Caviar, considered by some people to be an aphrodisiac, is easy to serve, but it must be chilled in advance and kept chilled. Serve on buttered toast with Champagne.

A plate of biscuits and assorted cheese, hard, soft and aged, makes a nice dessert, served with nuts and honey.

Luxury

For lazy lovers who can’t cook but want to impress, home chefs can be hired from hotels. The culinary team does everything, from preparing dinner to setting a romantic table.

Pasquo King, executive sous chef at Pudong Shangri-La, East Shanghai, tailor-makes the dinner.

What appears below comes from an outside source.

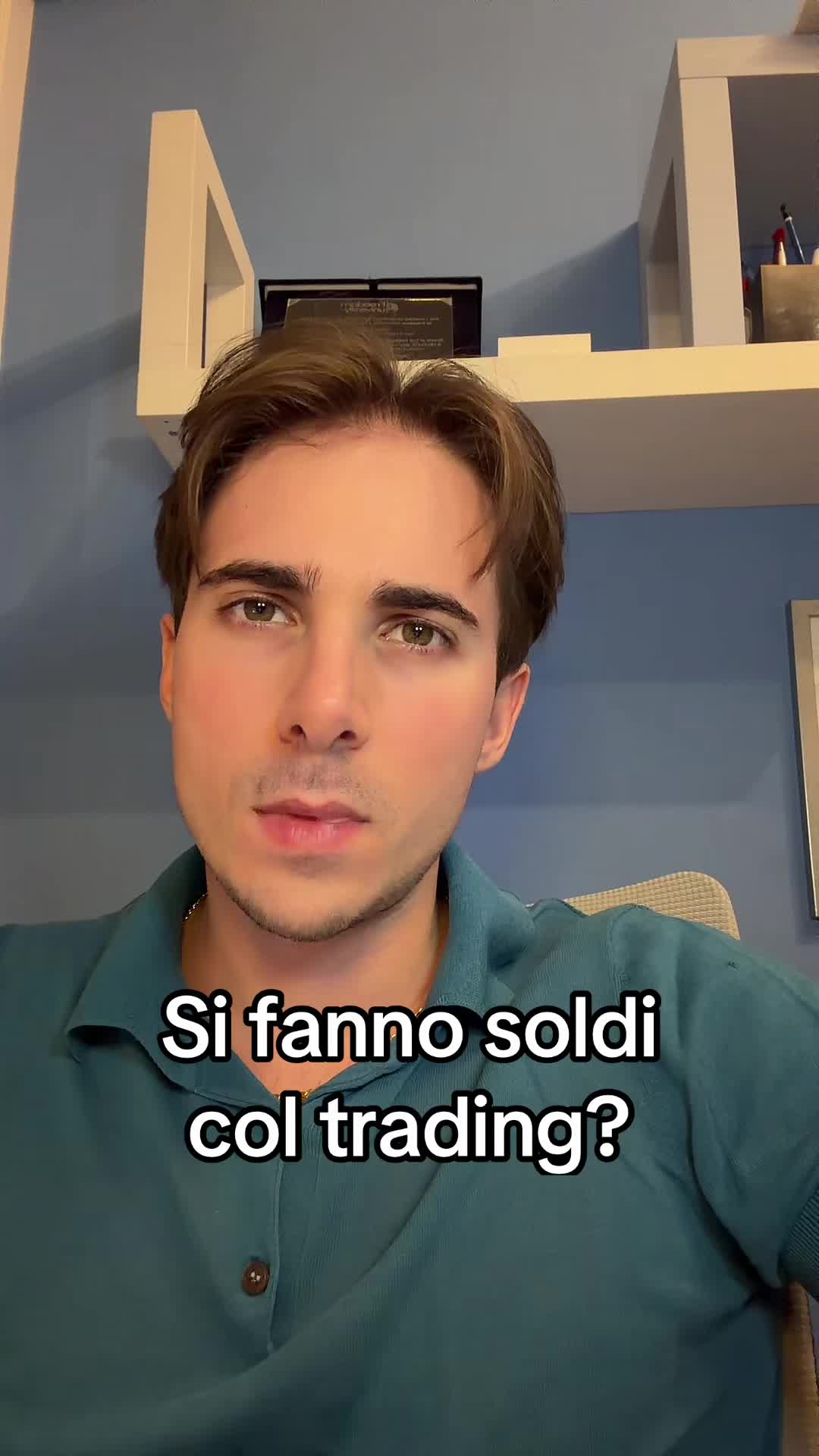 @Carlo | Gym Sales and bullshit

“Women seek delicate and refined taste and I suggest seafood, pork, veal and seasonal pheasant,” says King. Whimsical touches such as gold dust swirling through duck consommé and pop rocks candy with a sorbet course are recommended.

“Men look for masculine food so dark meat with rich sauce and powerful flavors are preferred,” the chef says, recommending a terrine of foie gras and black truffle and seared fillet of wagyu beef.

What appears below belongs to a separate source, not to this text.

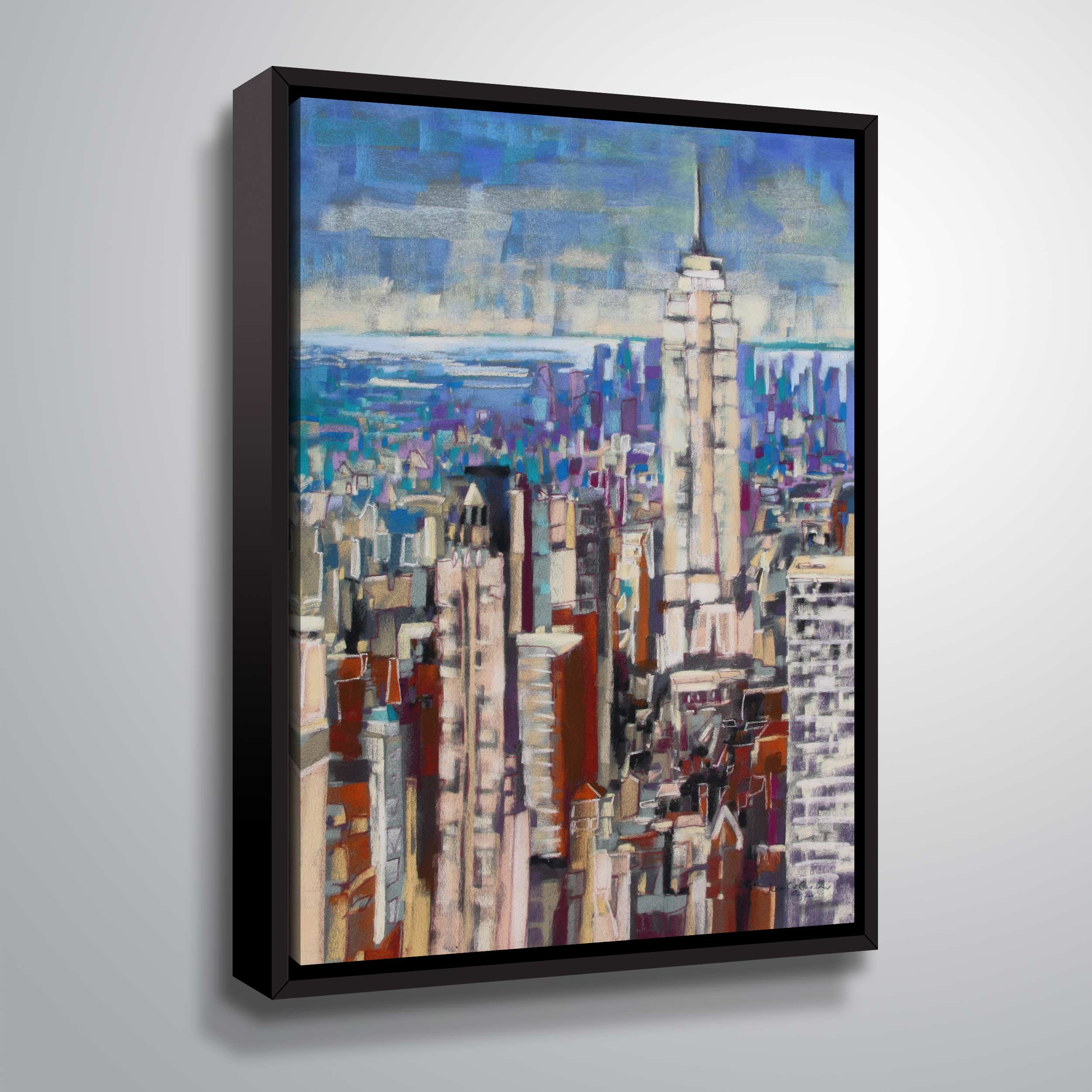 Empire State II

A shared dessert, such as a melting chocolate sphere makes a harmonious conclusion.

The tab isn’t small. Take Pudong Shangri-La. It costs at least 20,000 yuan for a two-person set.

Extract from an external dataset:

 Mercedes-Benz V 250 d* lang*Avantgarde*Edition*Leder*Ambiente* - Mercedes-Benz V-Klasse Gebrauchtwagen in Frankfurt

Wine, music, flowers and candles — a perfect table setting — also create a romantic mood.

“I choose a nice bottle of wine and an elegant decanter to complement the table and make the dinner more entertaining and relaxes,” says Bamboo Li, a wine lover.

Saint Amour from Beaujolais is perfect for Valentine’s Day dinner, says Alvin Gho, an advanced sommelier at Three on the Bund.

Music critic and writer Shen Qihua recommends Edith Piaf and Beethoven’s “Romance for Violin and Orchestra in F Major.”

“Beethoven starts with a dialogue between violin and orchestra, gentle and soft, and ends with an ornamented melody that seems like a beautiful relationship,” he says.

Roses, red and pink, are usually considered the perfect Valentine’s flower, but French hydrangeas are recommended by Emily Zhou, chief florist at Park Hyatt Shanghai.

Valentine’s foods are predominantly pink and red so pale blue or light purple hydrangeas build harmonious color on the table, she says. And they are easy to arrange.

Home delivery

Sherpa’s
English service, on-time delivery, diverse choices
Contact:
www.sherpa.com.cn or call 6209-6209

Pizzahut
Pizza and pasta, English service, affordable
Contact:
www.4008123123.com or call 4008-123-123

Mr Choi Patisserie
Napoleans, opera cake, chestnut cream
Contact:
www.thechois.cc or call 400-0979-788

Home chefs

Pudong Shangri-La, East Shanghai
French cuisine, luxury, personal service
Tel: 2828-6888 (Usually reservation three days in advance is required, but urgent booking can be managed too.)
Cost: At least 20,000 yuan

Le Royal Meridian
French and Italian cuisine
Tel: 3318-9999 ext 8036 (Booking a week in advance is required.)
Cost: At least 20,000 yuan

Premium supermarkets

City Shop
Cheese, ham, bread, chocolate, wine
Address: B1/F, Shanghai Centre, 1376 Nanjing Rd W.

City’super
Caviar, foie gras, oyster, Valentine’s cooking class, decanters, candles
Address: LG2/F, ifc Mall, 8 Century Ave, Pudong
Tel: 5012-0998

Ole’
Wine, baguettes, fruits and vegetables, olive oil, flowers
Address: B1/F, Kerry Parkside, 1378 Huamu Rd, Pudong

Valentine’s dessert

Wild berry cobbler with vanilla ice cream Florence Dalia, French executive chef de cuisine at New Heights of Three on the Bund, shares her recipe for Valentine’s desert that is pink, sweet, feminine and balanced.

Ingredients (for two):
Mix berry compote: Strawberries (75g), blueberries (75g), raspberries (75g), sugar (50g), fresh orange juice (50g), corn starch (5g)
Cookie crumble: Cake flour (20g), butter (15g), sugar (10g)
2 scoop of vanilla ice ream

Preparations:

1. To make cookie crumble, mix butter, sugar and cake flour together like dough. Break dough into very small pieces and refrigerate.

2. Preheat oven to 200 degrees Celsius.

3. To mix berry compote, cut strawberries in half, mix with orange juice, raspberries, blueberries, sugar in large sauce pan. Heat until boiling. Add corn starch and a little water. Heat until boiling.

4. Remove pan from heat and pour into a big, deep, oven-proof plate. Add cookie crumble on top. Warm in preheated oven 15 minutes.

5. Add two scoops vanilla ice cream on top and serve.